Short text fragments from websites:

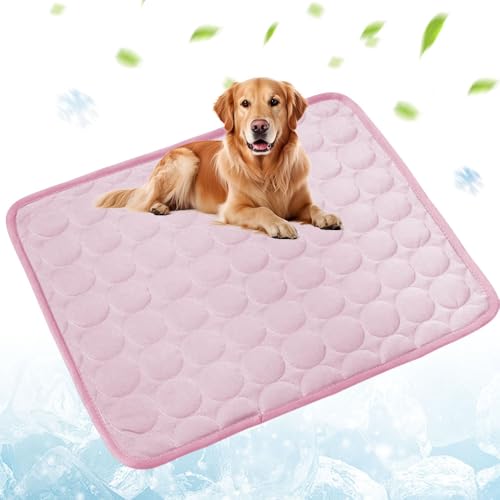 APODESS Kühlmatte für Hunde,2025 Neu Kühlmatte für Den Sommer, Kühlmatte Hund Selbstkühlende Matte Hundekühlmatte Haustier Matte Kühlpads für Katen und Hunde (Rosa, XXL) von APODESS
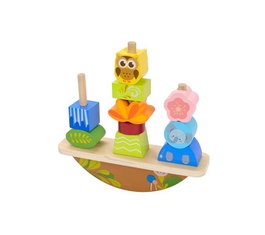 Molto Balancín Apilable de Madera Jouet en Bois Empilable 12 Pièces 20x11x5 cm pour Enfants dès 12 Mois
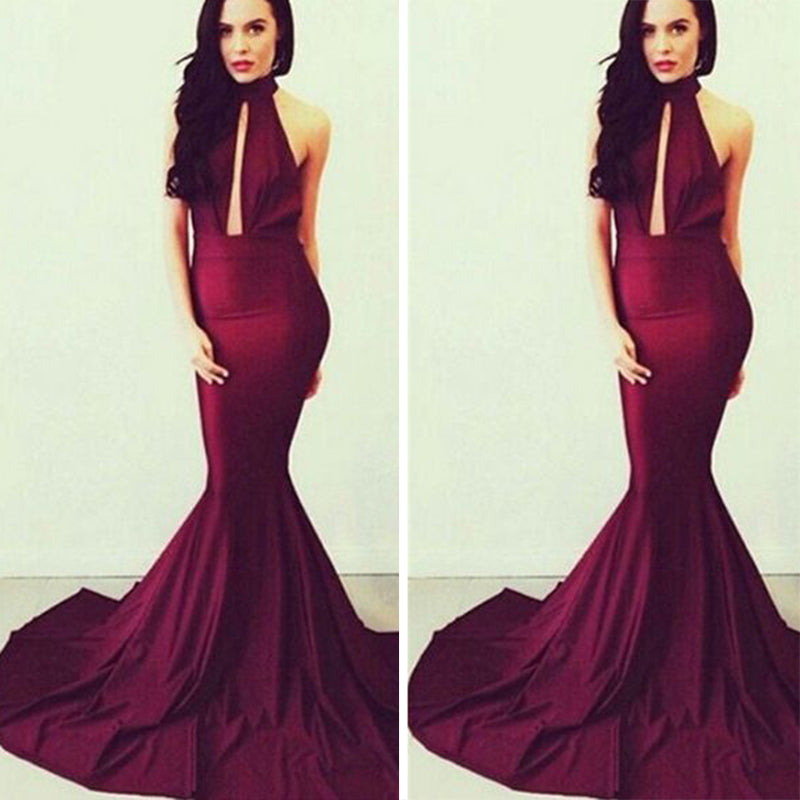 Sexy Halter Prom Dress Burgundy Women Deep V Neck Evening Long Dresses vestido de noche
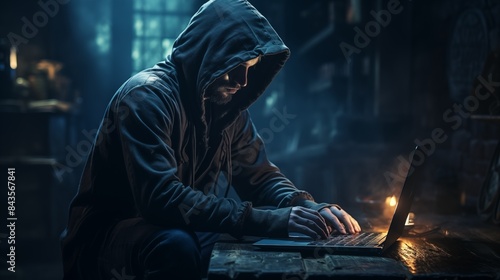 Cyber hacker wearing hoodie typing code with focused gaze on screen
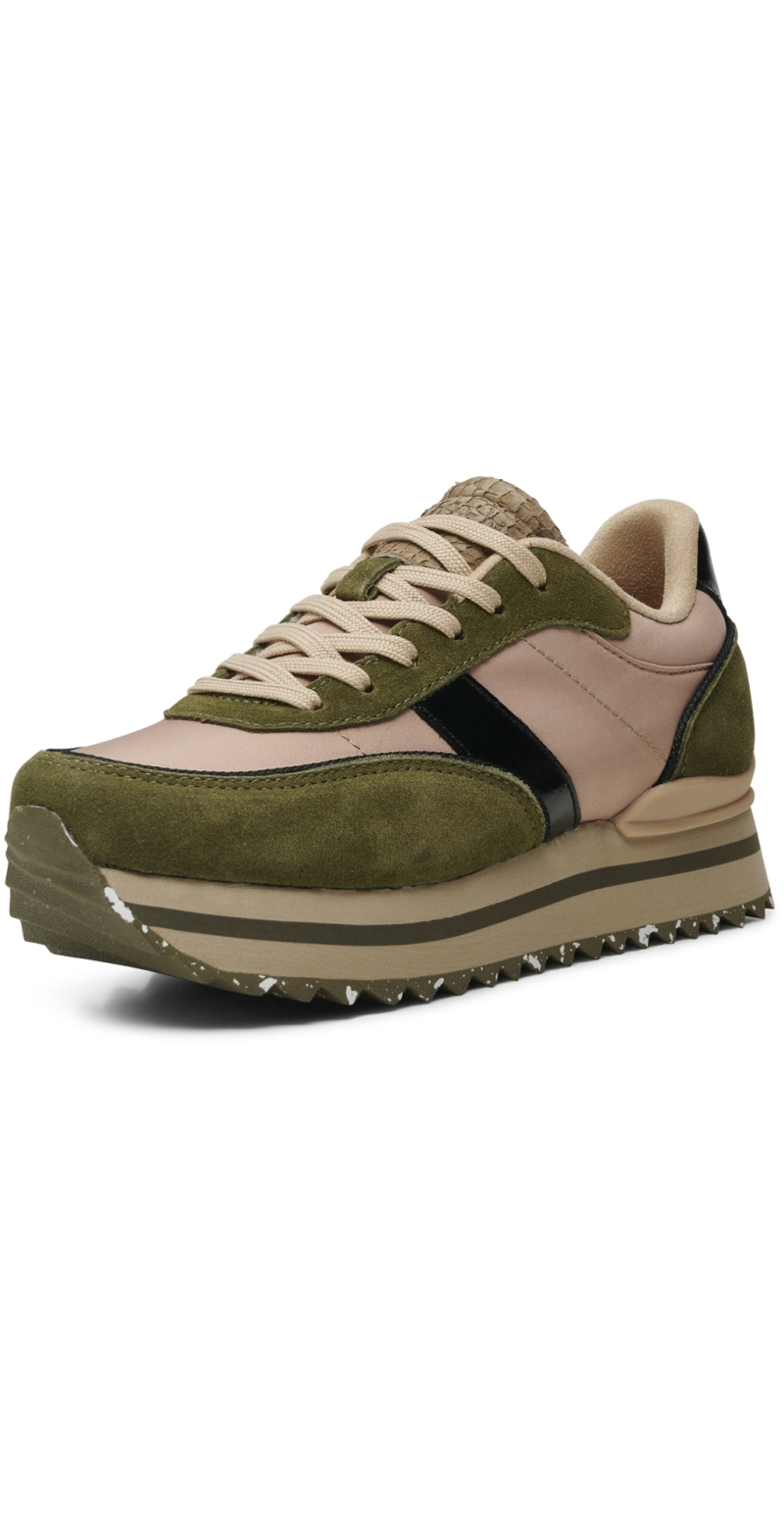 Plateau sneakers med detaljer cream/olive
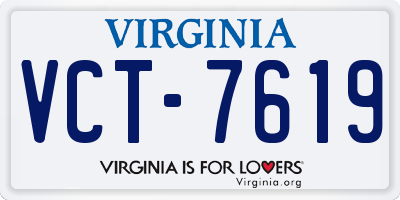 VA license plate VCT7619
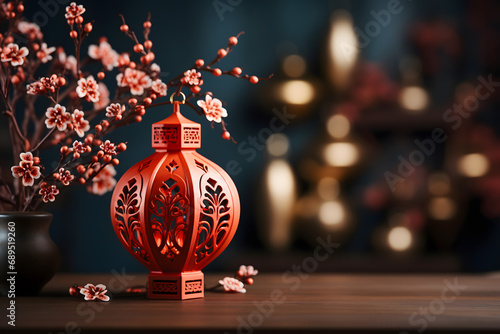 chinese new year lanterns, chinese new year dragon, fireworks in the city, wallpaper and social media background for china newyears festival photo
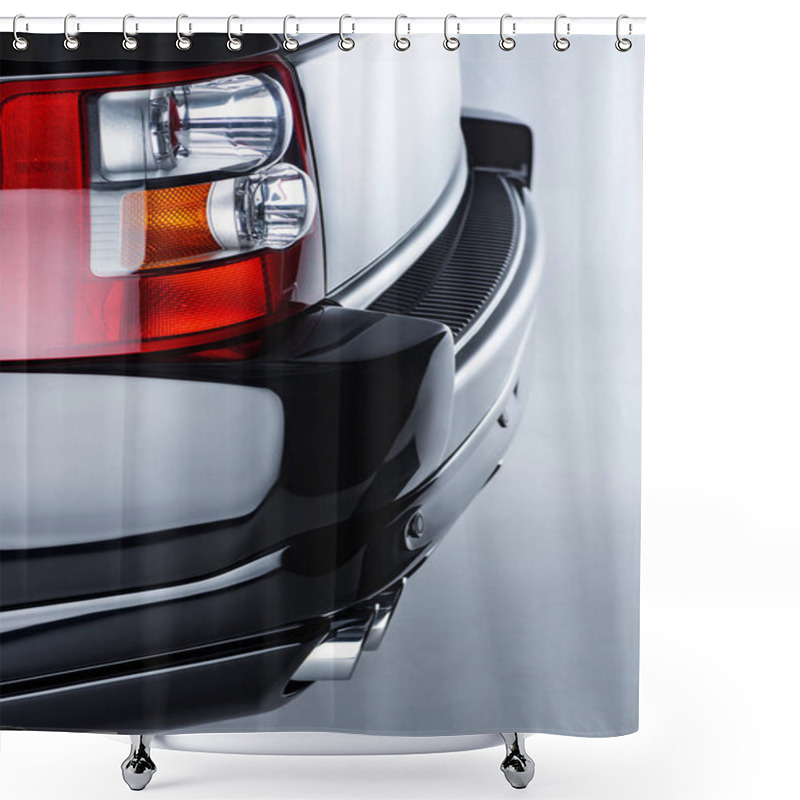 Personality  Close Up View Of Rear Headlight Of Luxury Black Car On Grey Backdrop Shower Curtains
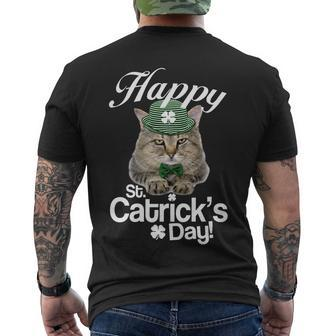 Happy St Catricks Day Irish Cat Tshirt Men's Crewneck Short Sleeve Back Print T-shirt - Monsterry AU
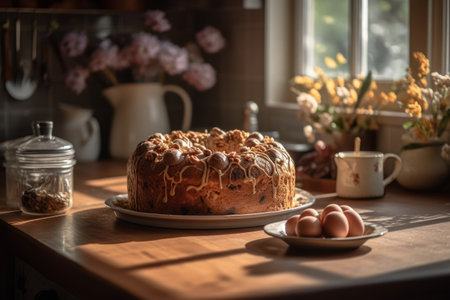 Homemade cake on the tableの素材
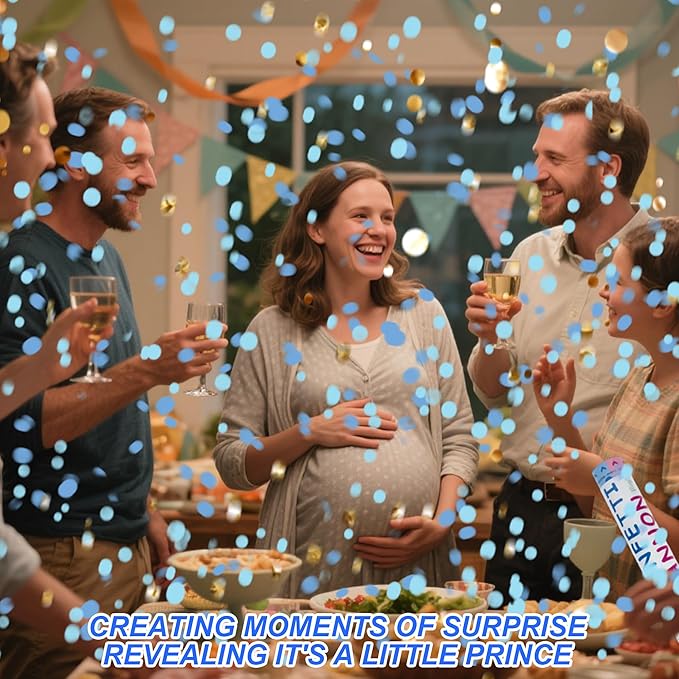 2 Pack Gender Reveal Confetti Cannon, 12 in Blue Round shaped Paper Party Poppers Cannons, Confetti Poppers For Baby Boy Girl Gender Reveal Baby Showers (Round, Blue)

TASK OBJECTIVE:
The answer must be the lines from the first one in the records through the line containing "Sexy Halter Prom", copied exactly, with no pictures.

TASK RESULT:
 APODESS Kühlmatte für Hunde,2025 Neu Kühlmatte für Den Sommer, Kühlmatte Hund Selbstkühlende Matte Hundekühlmatte Haustier Matte Kühlpads für Katen und Hunde (Rosa, XXL) von APODESS
 Molto Balancín Apilable de Madera Jouet en Bois Empilable 12 Pièces 20x11x5 cm pour Enfants dès 12 Mois
 Sexy Halter Prom Dress Burgundy Women Deep V Neck Evening Long Dresses vestido de noche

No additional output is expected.